▸ **Activity**:
Output the records exactly, and drop each picture.

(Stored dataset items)
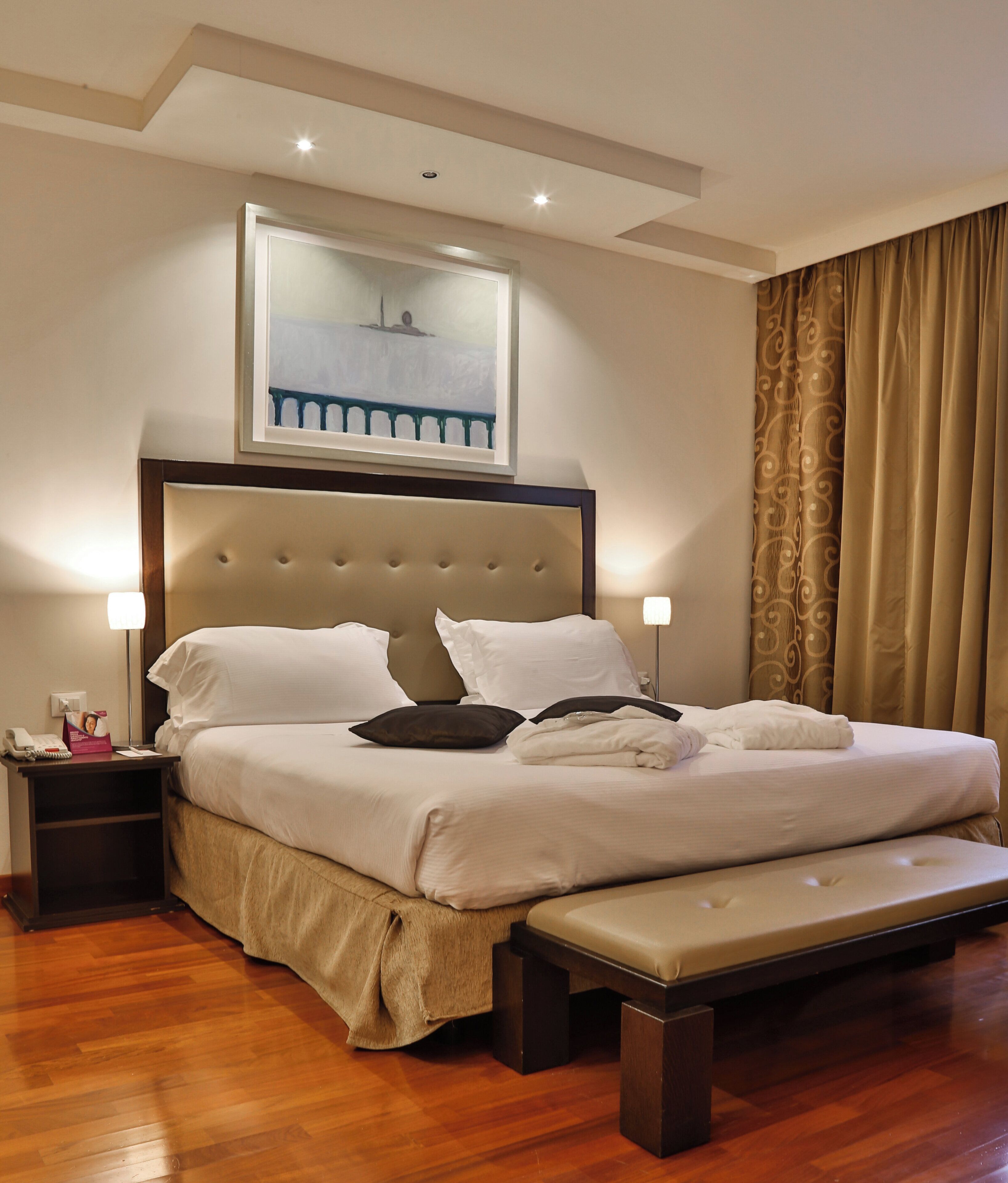 A hotel room with a large bed, bedside lamps, a wooden floor, and a painting above the bed.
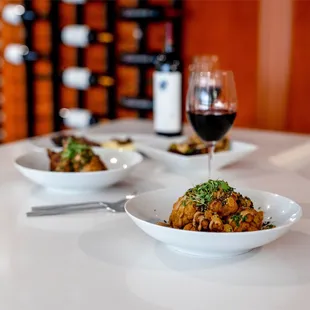 two bowls of food and a glass of wine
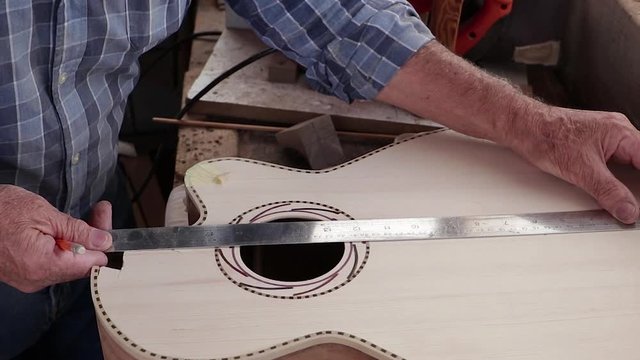 A Guitar Maker Measuring The Wooden Body Of A Guitar - closeup shot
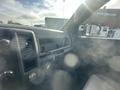 2012 RAM 2500 interior showcasing the dashboard with controls and an empty passenger seat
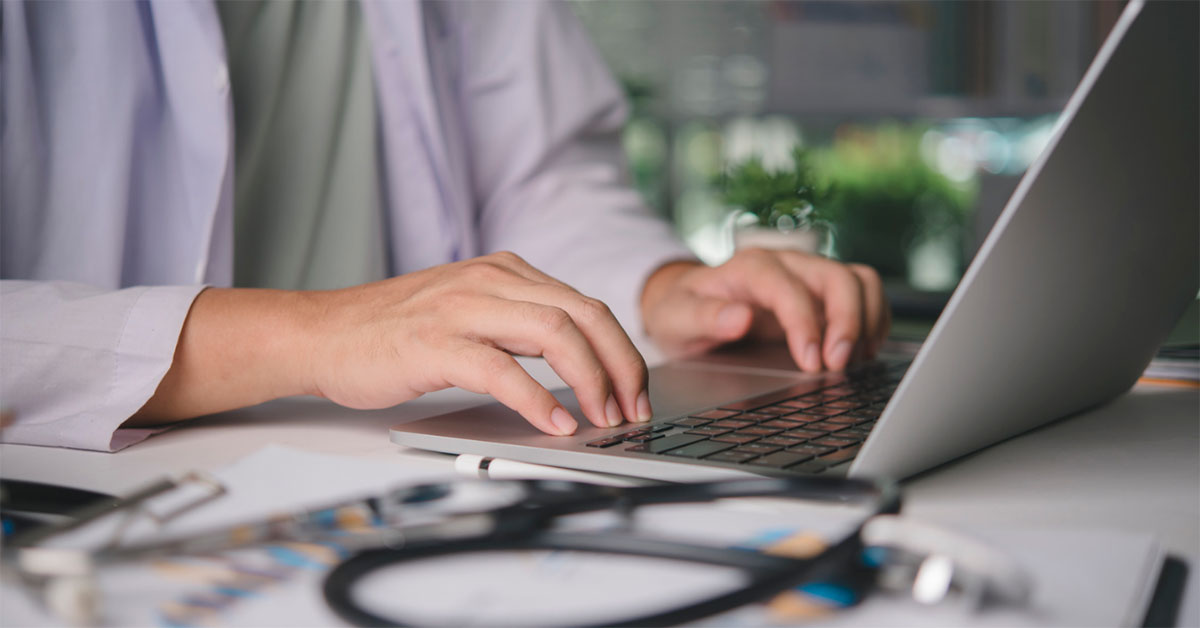 An unidentified general practitioner uses their laptop computer to make an eReferral for a patient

▸ **Solution for this exercise**:
 A hotel room with a large bed, bedside lamps, a wooden floor, and a painting above the bed.
 two bowls of food and a glass of wine
 A Guitar Maker Measuring The Wooden Body Of A Guitar - closeup shot
 2012 RAM 2500 interior showcasing the dashboard with controls and an empty passenger seat
 An unidentified general practitioner uses their laptop computer to make an eReferral for a patient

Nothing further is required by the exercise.